From the line that contains "Image 1 : 269gm" through the last line of the data, copy everything exactly and nothing else, omitting the pictures.
[Dataset extract]
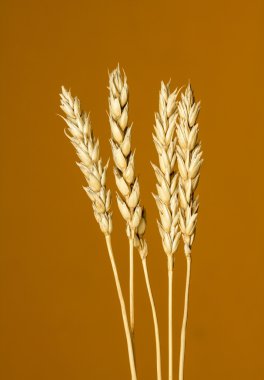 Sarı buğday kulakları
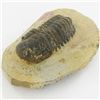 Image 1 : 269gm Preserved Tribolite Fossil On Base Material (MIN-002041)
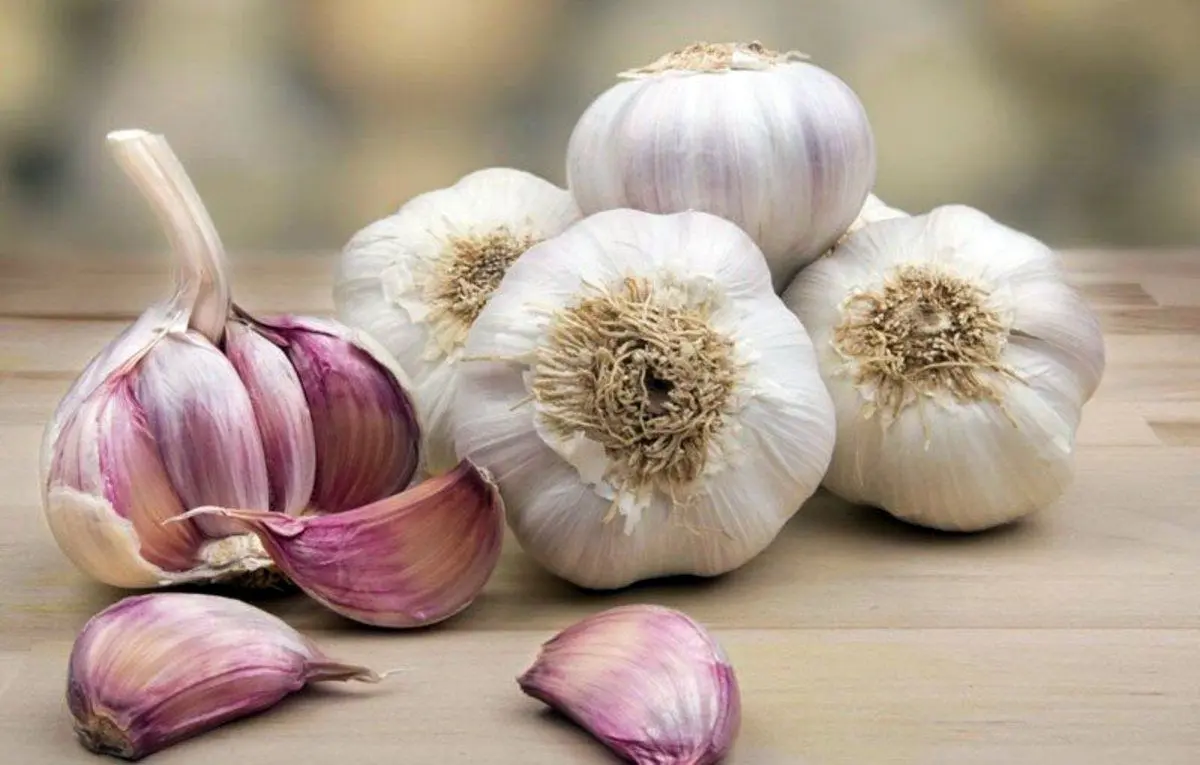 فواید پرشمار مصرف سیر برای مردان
[/Dataset extract]
> _Result of the exercise_:
 Image 1 : 269gm Preserved Tribolite Fossil On Base Material (MIN-002041)
 فواید پرشمار مصرف سیر برای مردان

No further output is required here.